**Task:**
With the images excluded, set down every line of the listing below exactly.

**Data excerpts:**
========================
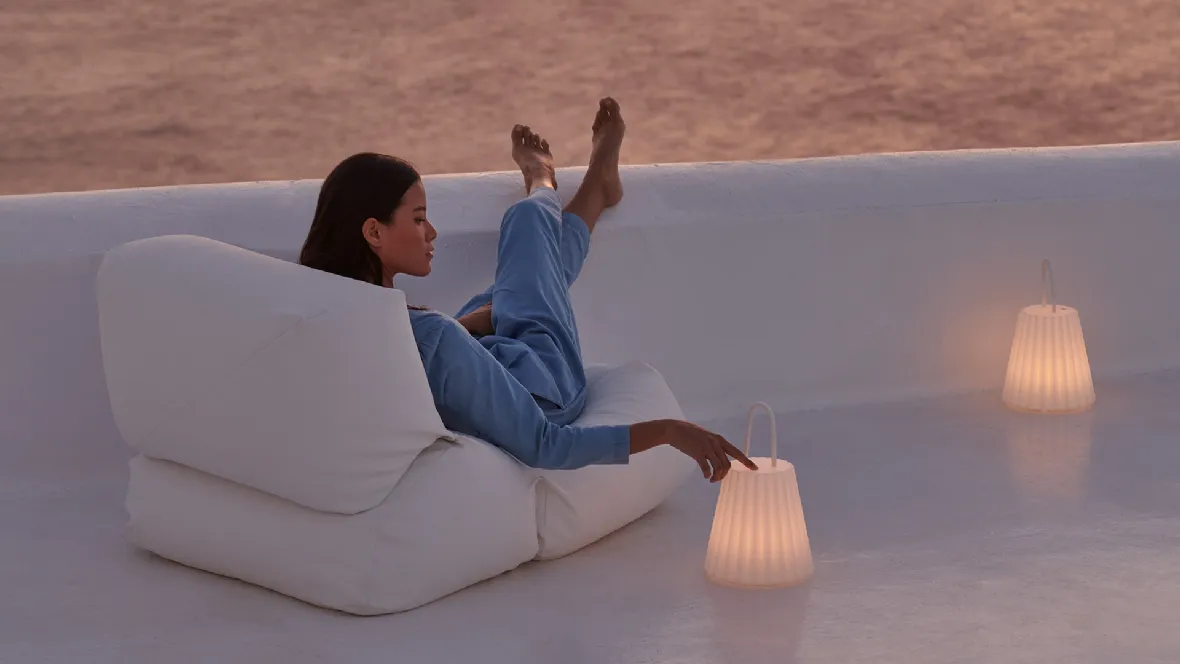 Poltroncina Grapy Lounge Chair di Gandia Blasco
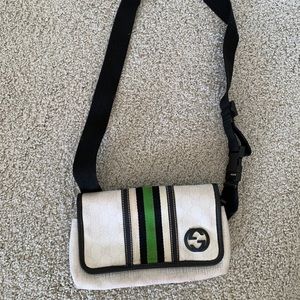 AUTHENTIC Gucci Crossbody/belt bag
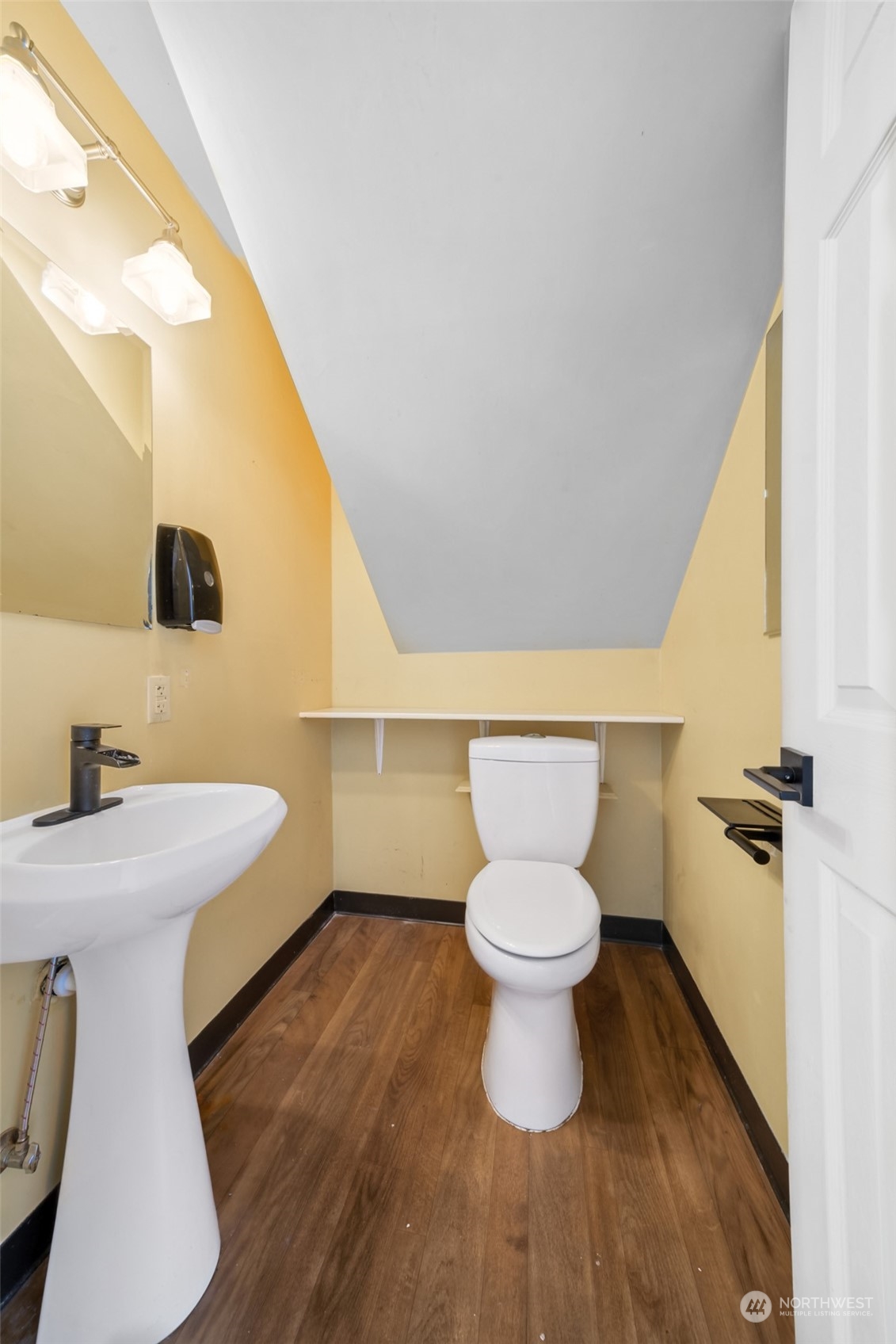 311 Petschauer Place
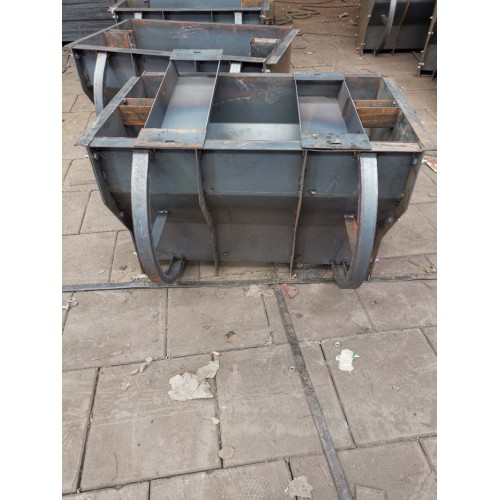 隔離墩模具 防撞隔離墩模具 鋼制隔離墩模具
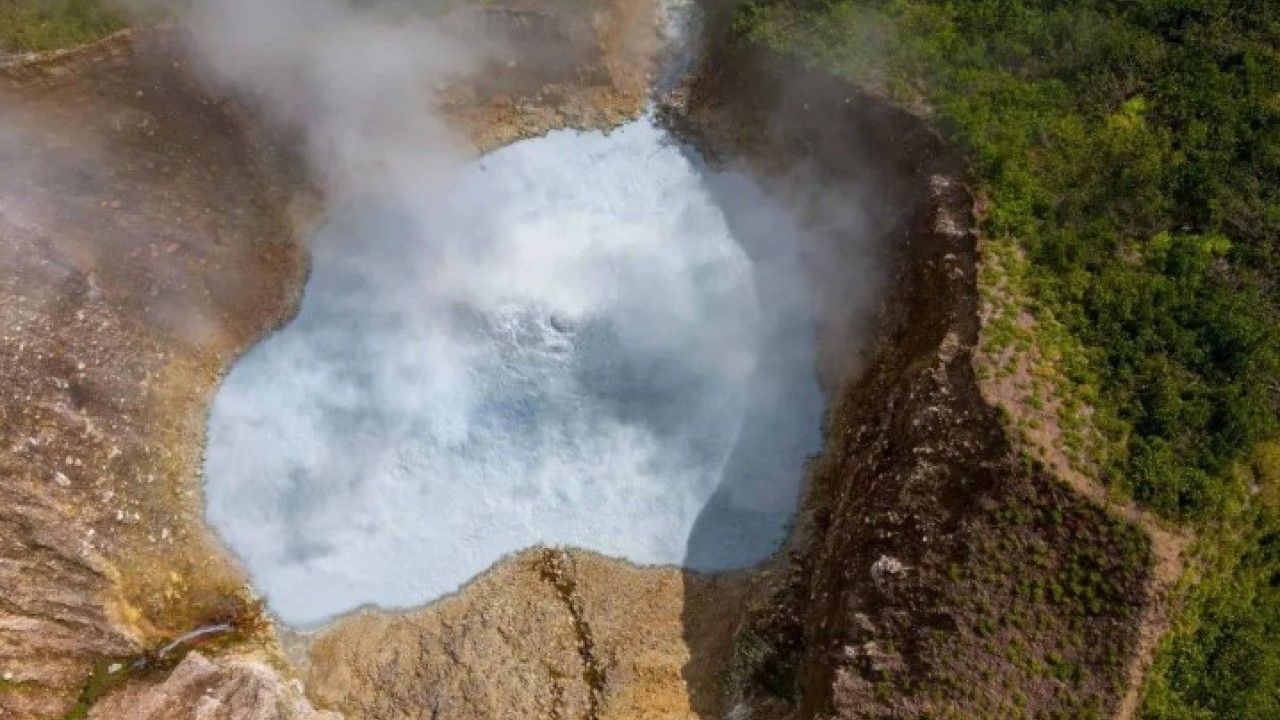 Foto - Görünümleri ve özellikleri ile büyülüyor! İşte dünyanın en ilginç gölleri!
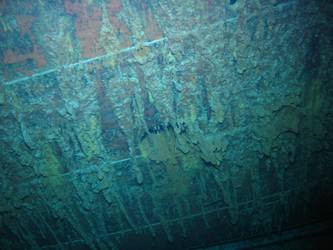 Port underwater concealed torpedo tube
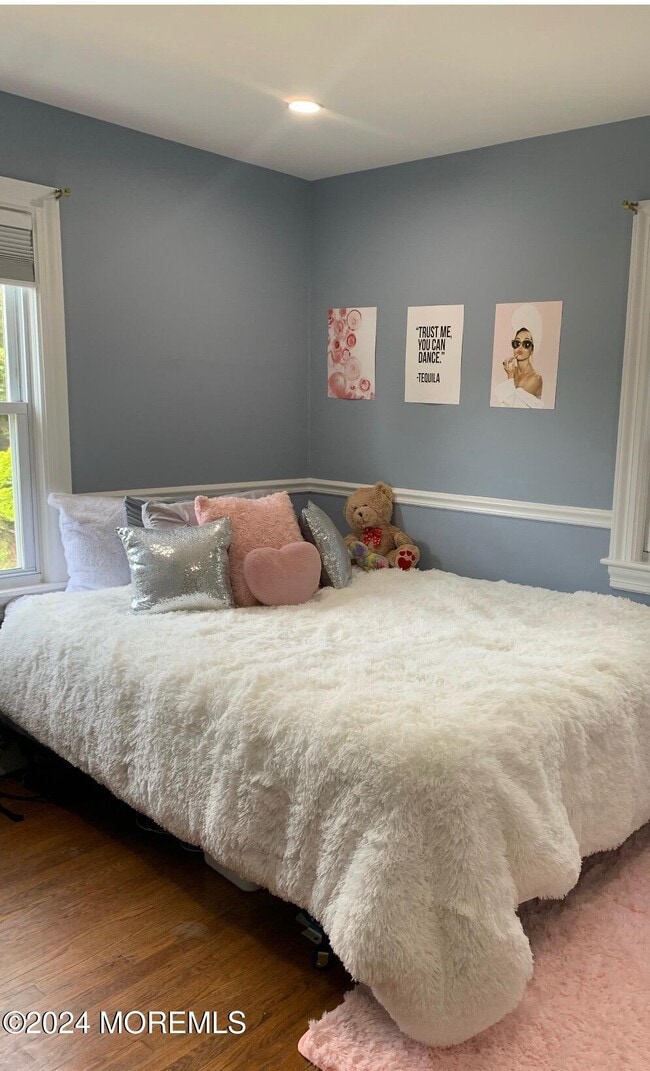 Photo - 240 Oakhurst Rd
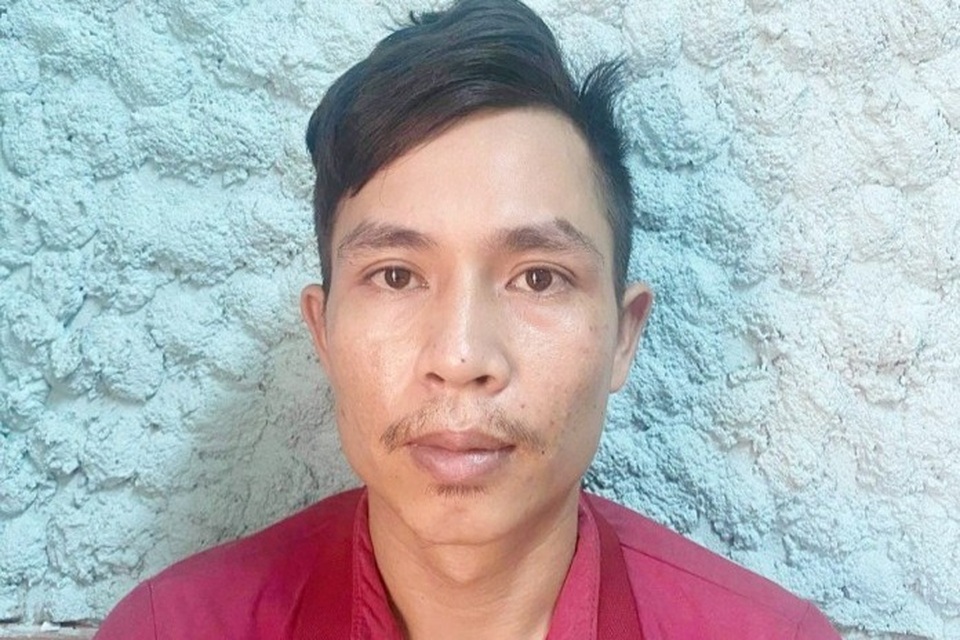 Đi qua đoạn đường vắng, thiếu nữ bị kẻ lạ mặt khống chế, hiếp dâm - 1 Đi qua đoạn đường vắng, thiếu nữ bị kẻ lạ mặt khống chế, hiếp dâm - 1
========================
**Answer area:**
 Poltroncina Grapy Lounge Chair di Gandia Blasco
 AUTHENTIC Gucci Crossbody/belt bag
 311 Petschauer Place
 隔離墩模具 防撞隔離墩模具 鋼制隔離墩模具
 Foto - Görünümleri ve özellikleri ile büyülüyor! İşte dünyanın en ilginç gölleri!
 Port underwater concealed torpedo tube
 Photo - 240 Oakhurst Rd
 Đi qua đoạn đường vắng, thiếu nữ bị kẻ lạ mặt khống chế, hiếp dâm - 1 Đi qua đoạn đường vắng, thiếu nữ bị kẻ lạ mặt khống chế, hiếp dâm - 1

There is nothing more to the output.